I appreciate the opportunity. Thank you for having me.
Nicole, if you would tell us about your business and who you serve?
As a lender, I serve people who own homes and want to refinance or buy homes but that's 1/100 of what we do. What my team does and what differentiates us in the market is the fact that we come alongside our clients to evaluate what is the swiftest way to get them towards independence financially using home equity. How do they capitalize on appreciation, principal reduction and rental income? How do they capitalize on what is the biggest asset and liability for most people? We solve the problem of how to finance that first purchase, that move up purchase and that investment property that's going to help take care of your family.
When you first started on this path, was that your service offering?
I first started as most lenders do dropping off candy at real estate offices, trying to connect with a divorce attorney, and trying to figure out who the financial planner that I was going to get referrals from. I operated it small and I was thinking about how do I get the next deal in my pipeline? It was a couple of years later when I started down this path of creating a team. I come from Corporate America so I manage large scale projects. This is back in the day of Andersen Consulting, now they're Accenture. I knew how to develop teams, strategies or solutions. I had no idea how to track that in mortgage lending.
When I got out of the corporate business to have three amazing kids who are now young adults and then got back into a job, which that's all I thought it was. It happened to be in lending but I was trying to originate a loan.
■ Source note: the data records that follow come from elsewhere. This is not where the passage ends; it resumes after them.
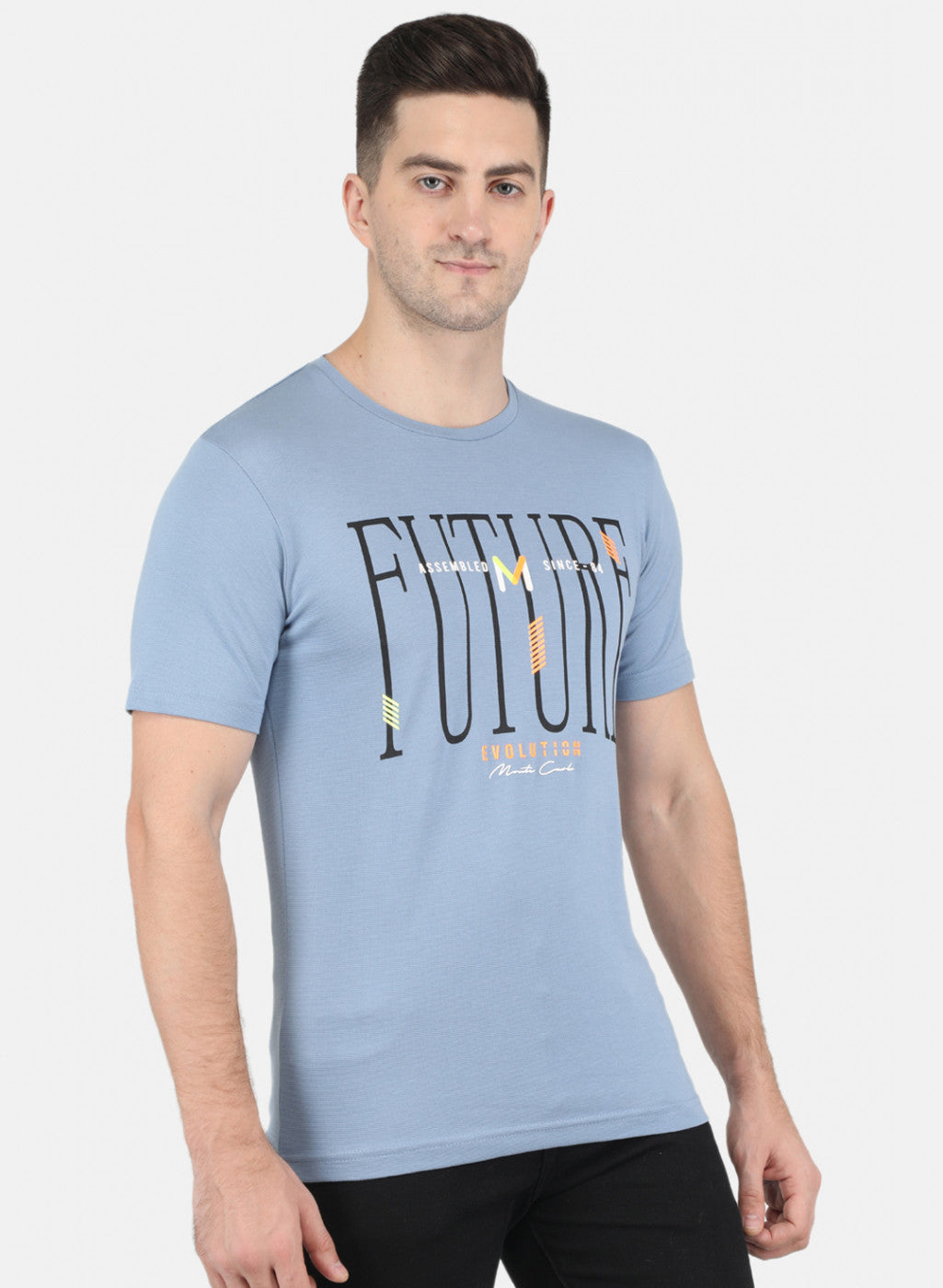 Men Blue Stripe T-Shirt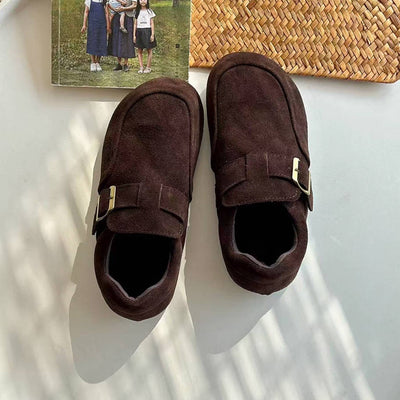 Retro Leather Sueded Casual Soft Sole Flat Shoes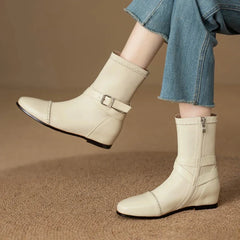 Women's genuine leather cowhide round toe with raised buckle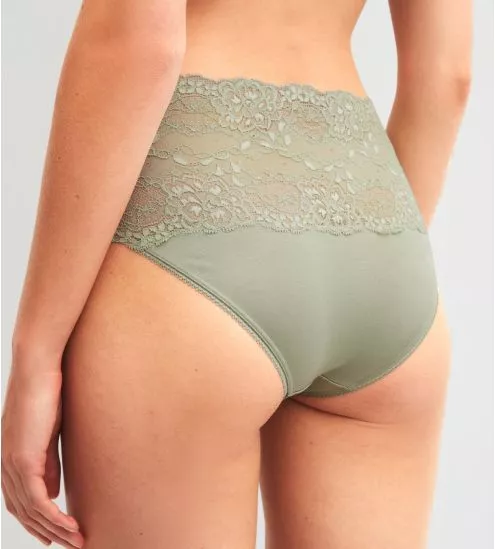 Culotte dentelle taille haute Sensual Secrets Tea Green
I started figuring out that I could originate more loans if I had people beside me that believed the same thing and then I got my first investment property. I had somebody come alongside me that cared enough to spend the time to teach me about what that meant because I didn't know, even though I was in the business.
I started teaching other people. I had to pay it forward because I was generously given and I had to give it all away. As I'm giving it away, people want some of that and they're like, “I don't know how to build wealth.” Not real wealth where you invest in the stock market and right now that might be going well but next year it might not be. “How do you create that stability in that foundation?” It was that incremental change that somehow you don't even see coming until it's starting to build on itself and then it does. You realize that you want to start to build something that you're proud of, you can leave a legacy and you're impacting other lives. That's the cool part. I started focusing on building a team and that's what I have. I have fifteen amazing people that work with me, like me, for me and for the clients.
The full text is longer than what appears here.